Top of DATASET RECORDS

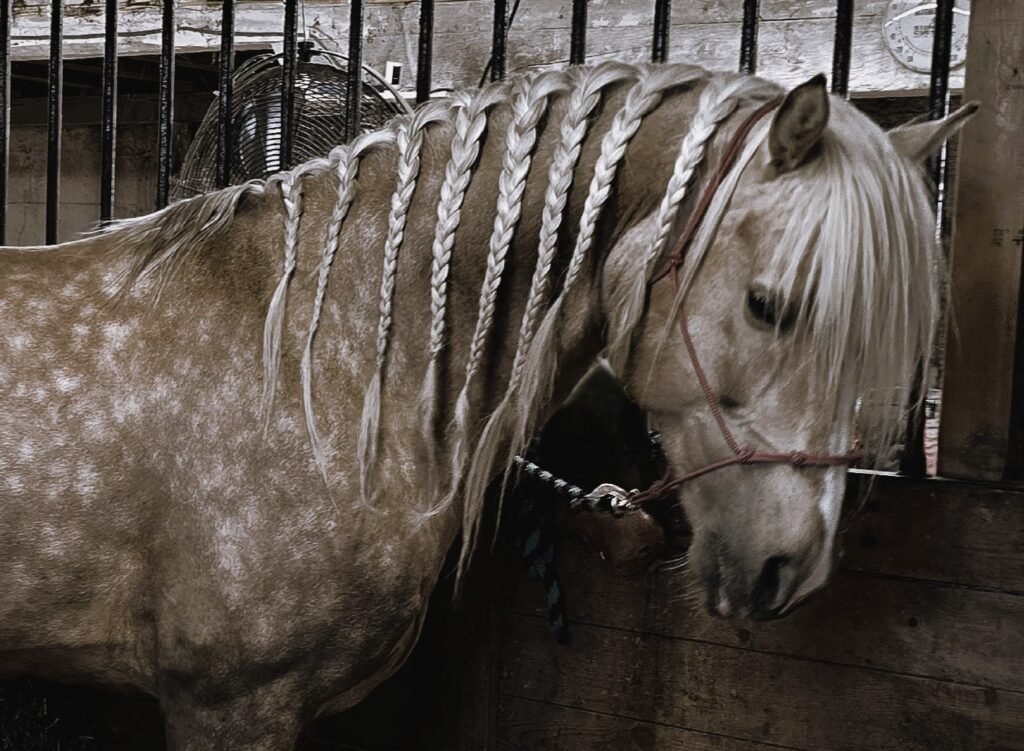 Milagro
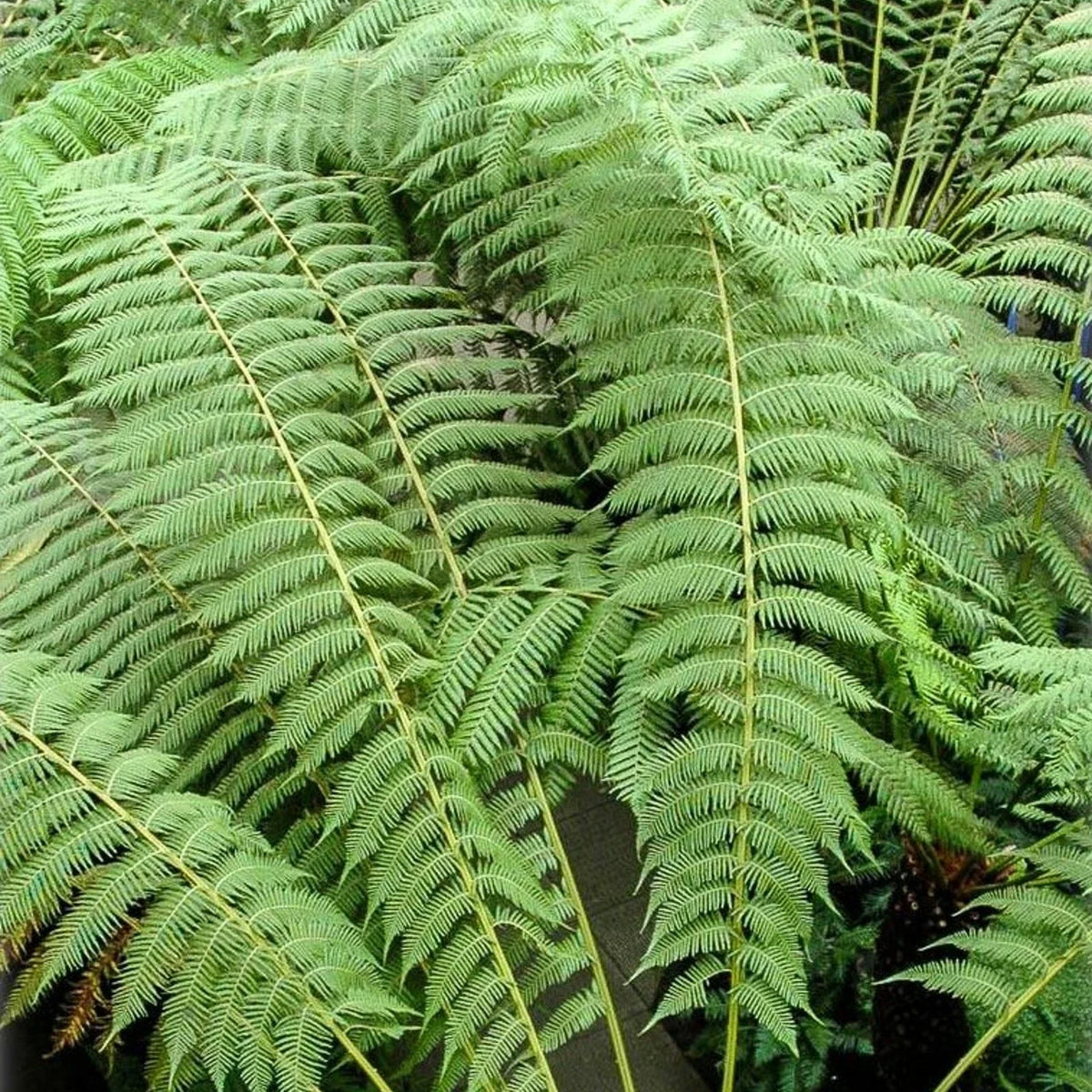 Tree Fern Plant in 17cm Pot - Dicksonia Antarctica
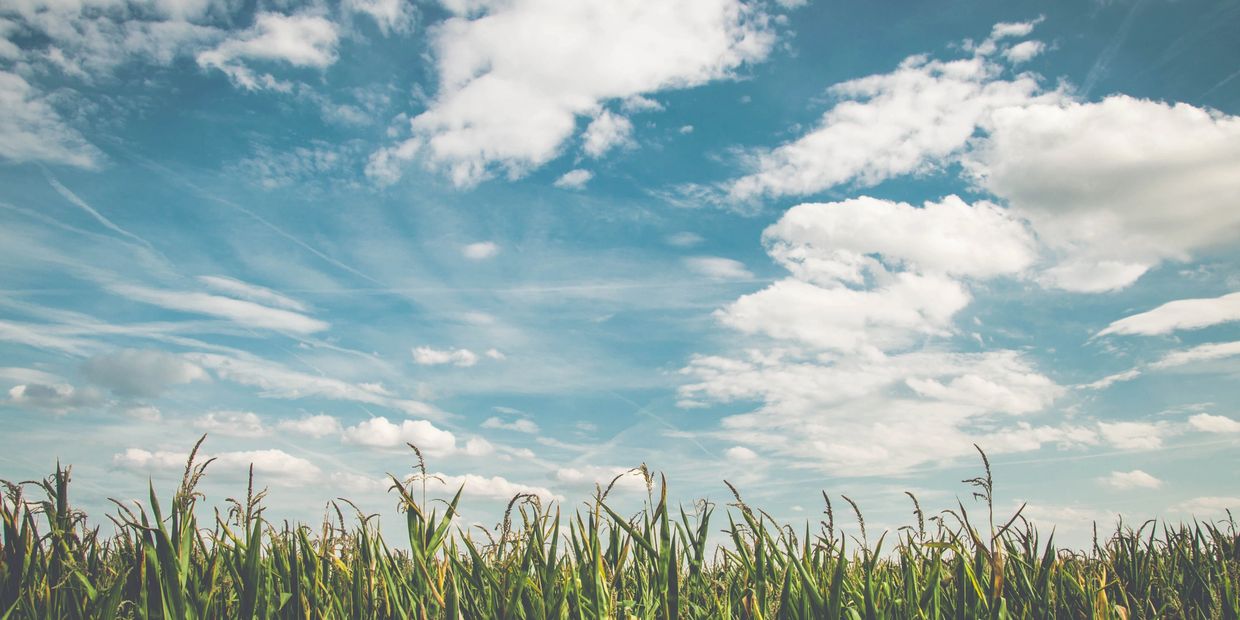 Corn Field With Big Blue Sky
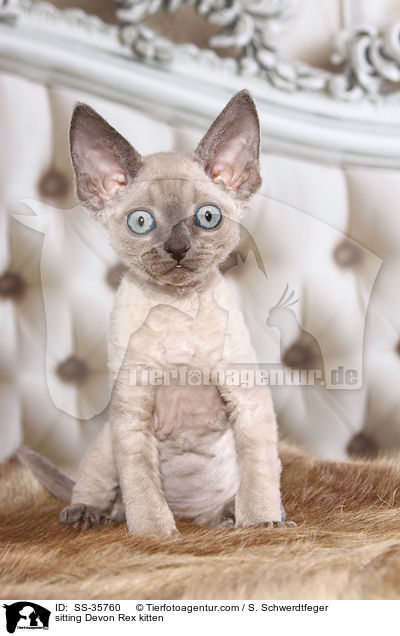 sitzendes Devon Rex Ktzchen / sitting Devon Rex kitten / SS-35760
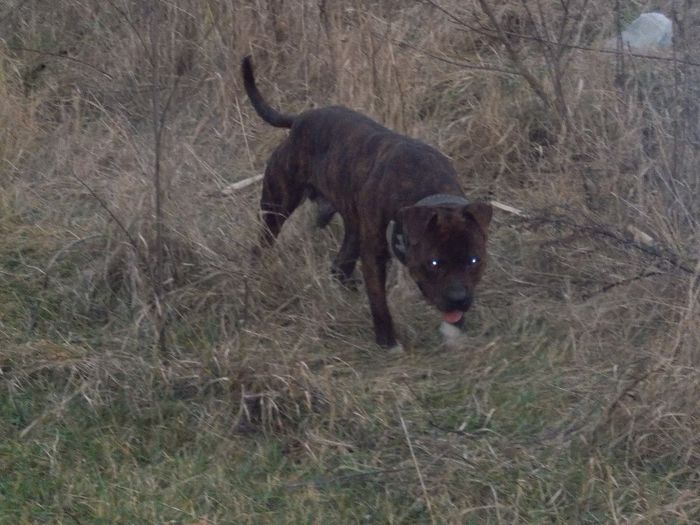 DSCN0143 - AMSTAFF TONY ofer pt monta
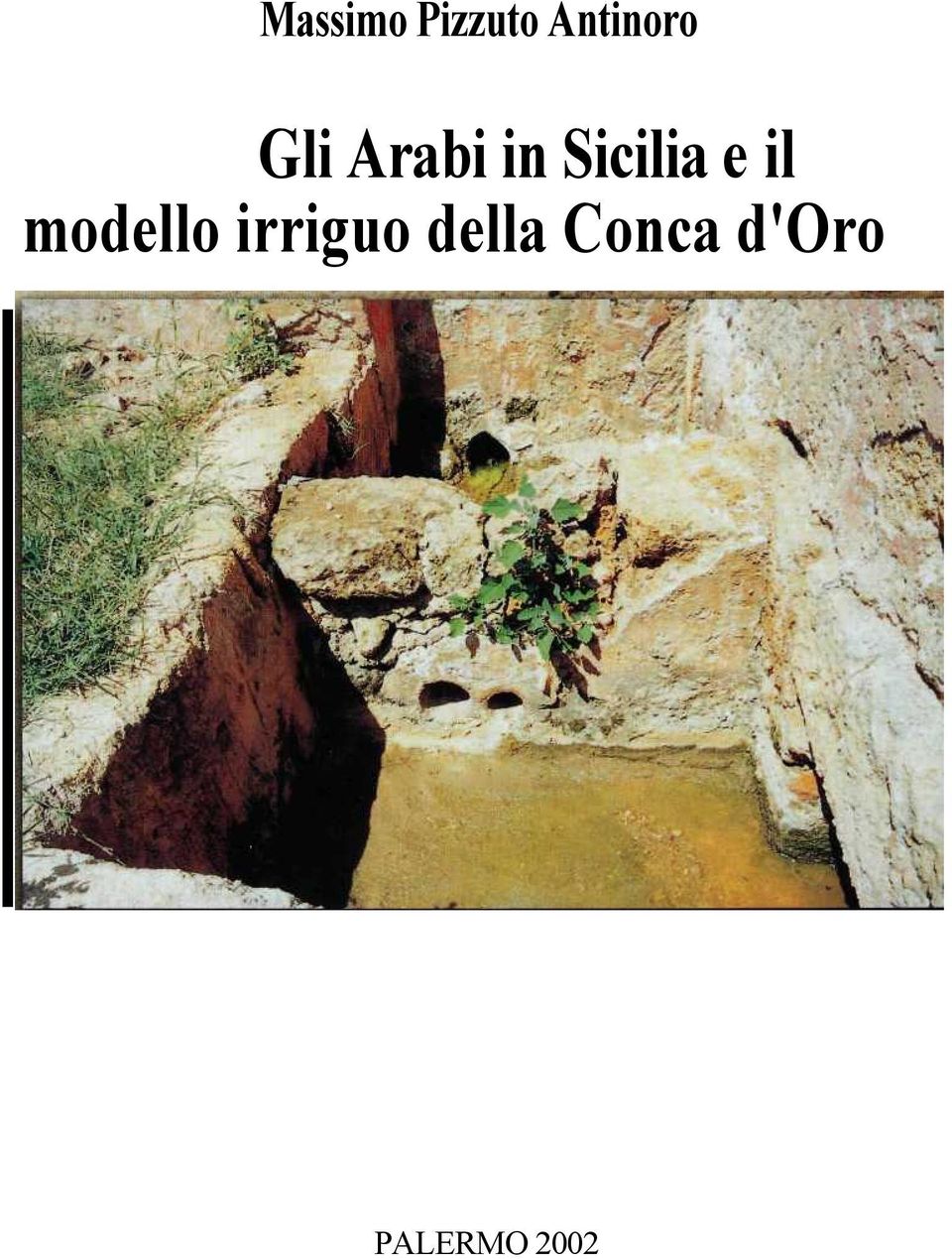 il modello irriguo della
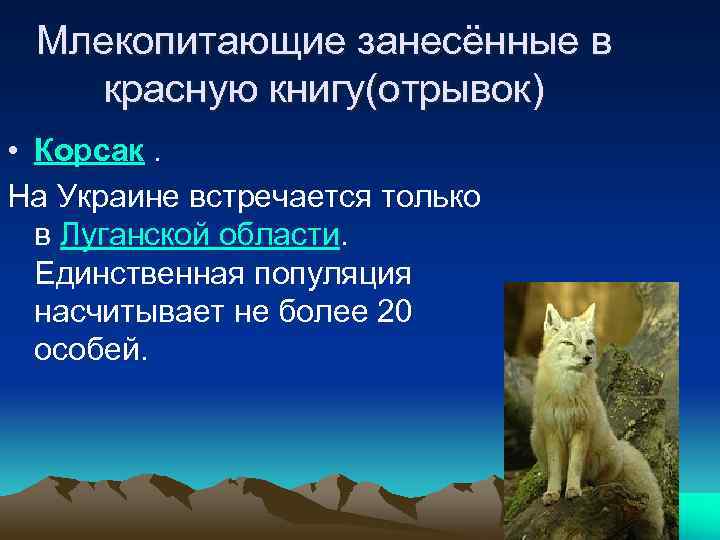 Млекопитающие занесённые в красную книгу(отрывок) • Корсак. На Украине встречается только в Луганской области.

Bottom of DATASET RECORDS

**EXERCISE**
Without including any picture, write out the material above verbatim.

**ANSWER BOX**
 Milagro
 Tree Fern Plant in 17cm Pot - Dicksonia Antarctica
 Corn Field With Big Blue Sky
 sitzendes Devon Rex Ktzchen / sitting Devon Rex kitten / SS-35760
 DSCN0143 - AMSTAFF TONY ofer pt monta
 il modello irriguo della
 Млекопитающие занесённые в красную книгу(отрывок) • Корсак. На Украине встречается только в Луганской области.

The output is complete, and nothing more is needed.